Rocky has it right.. there are plenty of laws on the books that should have stopped most of this madness if THEY WERE ENFORCED! The Navy yard shooter should have been placed on a do not sell list. So should have the theater shooter, the Sandy hook shooter was known to be a bit off the tracks (and he was denied a gun purchase and found a place to steal his weapons), the Army knew that the Ft. Hood shooter was going off the rails a long time before that happened too. More laws would not stop this if they are not going to be enforced and the criminals (by definition) are not going to abide by them. When these mad men do their evil and make the press, why call for even more that only infringe on those of us that do follow the laws. Why impede the 100's of 1000's of citizens who stop this kind of thing every year (that the press refuses to report on)? If there is going to be any kind of progress against this madness, it is going to be a societal change, not more laws that force Americans to become sitting ducks with a rape whistle and a sharp pencil praying for the police to get there in time when only seconds count.
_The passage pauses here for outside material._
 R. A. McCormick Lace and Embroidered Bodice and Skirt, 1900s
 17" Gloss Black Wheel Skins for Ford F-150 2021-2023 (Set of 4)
The biggest problem with these laws is NO enforcement. We have local politicians that wont we have the same problem all over this Country. Case in point the Navy yard shooter. Why was his name not put in a data base for for do not sell? Politics thats why. Back ground checks can and will work the TSA uses them on do not fly list's but you need the American people to demand that law enforcement comply to the law. Back ground checks are not gun control its people control and thats what needs done.
Yes or no.
Black and white.
Jim, I know that you have great passion about this. So do victims of violence. So do people who live in fear, and think rounding up guns will make us more secure.
I'm trying to argue here that we have to drop the yes or no. Once we acknowledge that we already have a certain level of gun control, and most of our arguments are about where to draw that line, then we can speak as human beings instead of ideologues.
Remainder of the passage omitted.